Good leadership needs good followership – followers who are not sheep, not simply yes-people, and not detached from the organisation’s broader goals and visions. Rather, good followers are those who are the active, engaged, independent and critical thinkers that form an essential part of any leadership success story.
Empowering followers to be critical, independent thinkers is just one of ways to safeguard against potentially destructive leadership outcomes that result from unchallenged compliance to dangerous ideals. In this sense, followers not only have an active role to play in the leadership process – but also a moral obligation to ensure that leaders are themselves leading ethically.
We can now answer the question we began in this article. Effective leaders are also those who develop effective followers. Good leadership depends on good followership. Great leadership is built on great followership.
3 key takeaway points and practical suggestions
The terms ‘follower’ and ‘followership’ suggest a passive, non-influential role in the leadership process. In truth, followers are themselves an important part of the leadership process, and react towards the leader’s influencing attempts.

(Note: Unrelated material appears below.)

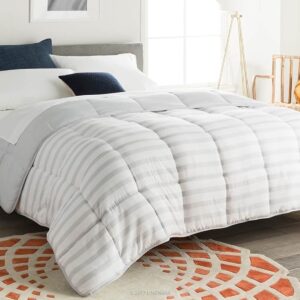 Microvezel dekbed voor alle seizoenen - Ultrazacht en comfortabel - 200x200 cm - Grijs-wit gestreept (8785356024765)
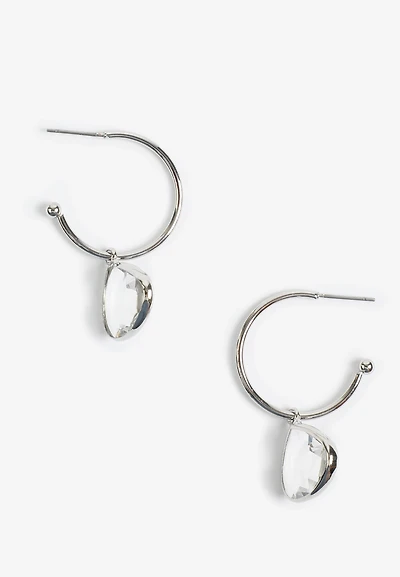 Silver Teardrop Hoop Earrings 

Seeing followers as purely compliant parties in the leadership process paints an inaccurate view of who followers are, and downplays their contributions towards organisational success. How a leader sees followers in their organisation affects not least of all, who they choose to hire for their organisation.
Are followers simply there in your organisation to follow orders, or contribute towards its long-term growth and development? Depending on the organisation, leaders might want to reconsider which type of follower each potential hire may gravitate towards and make hiring decisions accordingly. Such decisions would have important implications for succession planning as well.
Good leadership requires good followership for two important reasons:
- To complement, support and execute leadership goals.
- To safeguard against potentially destructive leadership outcomes.
How much do you encourage or empower followers to present their own views and opinions for projects and tasks? Is voicing disagreement and alternative views encouraged?
Considering ways to involve followers to participate in joint leadership decisions may be helpful in enhancing decision-making outcomes, generating ideas for improvement, along with increasing followership accountability and ownership on tasks.
Good leaders know how to share in the organisation’s successes, recognising and appreciating the contribution of followers in the organisation’s achievements. Good followers recognise their importance to the leadership, and contribute in a critical, yet collaborative manner towards the organisational good.
If you are in a leadership position, consider how you can further acknowledge your follower’s contributions and accomplishments. If you take on more of a followership role, consider how your leader might benefit from contributions and efforts that enhance his/her effectiveness. Effective followers are also those who are good at managing upwards – that is, managing their own leaders.